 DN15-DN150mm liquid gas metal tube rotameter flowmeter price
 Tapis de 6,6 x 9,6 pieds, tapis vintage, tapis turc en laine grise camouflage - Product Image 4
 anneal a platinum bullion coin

_ _ _ _ _

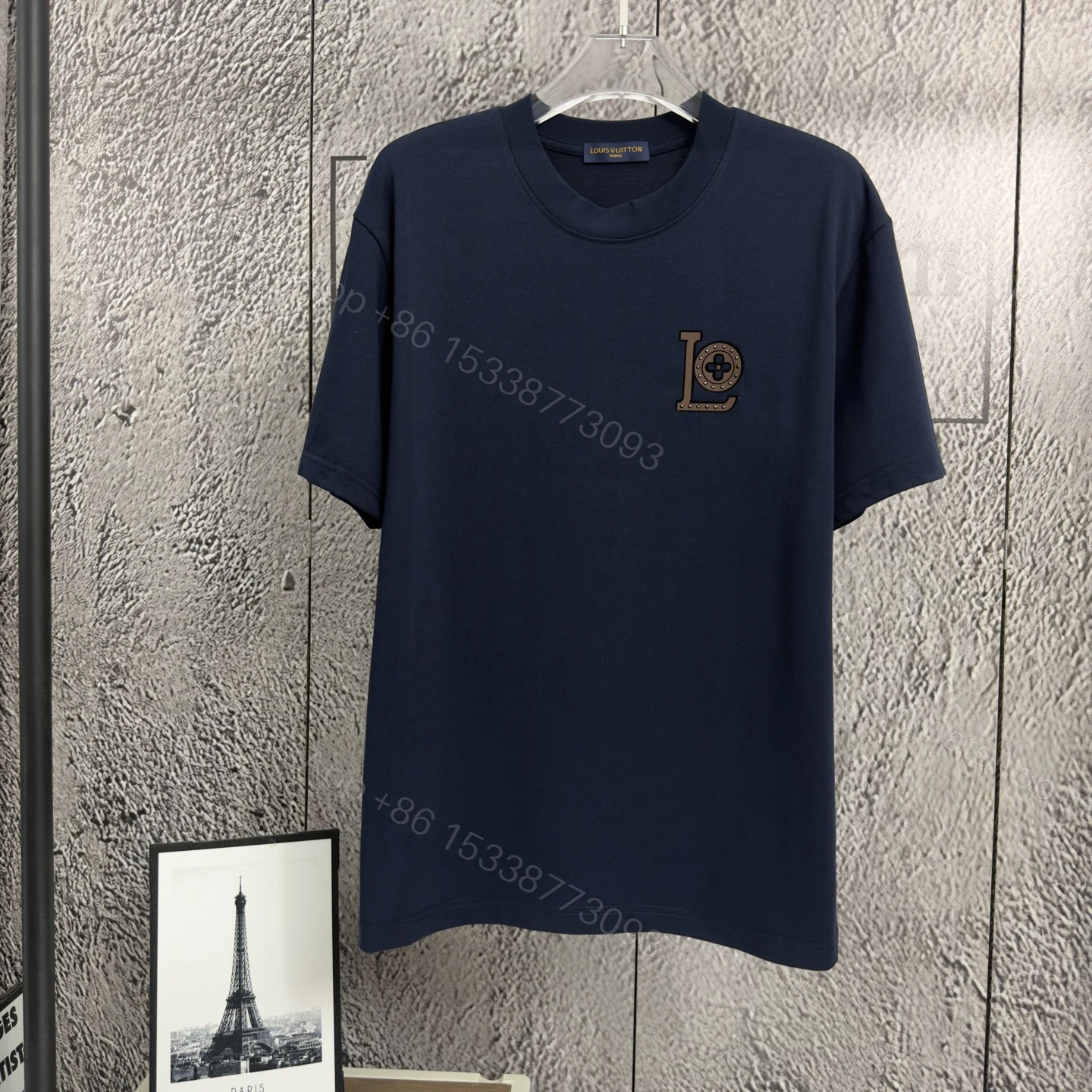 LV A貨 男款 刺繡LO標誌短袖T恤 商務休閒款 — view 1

_ _ _ _ _

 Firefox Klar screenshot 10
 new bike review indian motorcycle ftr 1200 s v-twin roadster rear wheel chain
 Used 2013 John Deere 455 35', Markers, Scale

_ _ _ _ _

Copy out, word for word, the part of the entries above that begins at the line with "Tapis de 6,6" and ends at the line with "anneal a platinum bullion coin", including both.

• [Answer section]:
 Tapis de 6,6 x 9,6 pieds, tapis vintage, tapis turc en laine grise camouflage - Product Image 4
 anneal a platinum bullion coin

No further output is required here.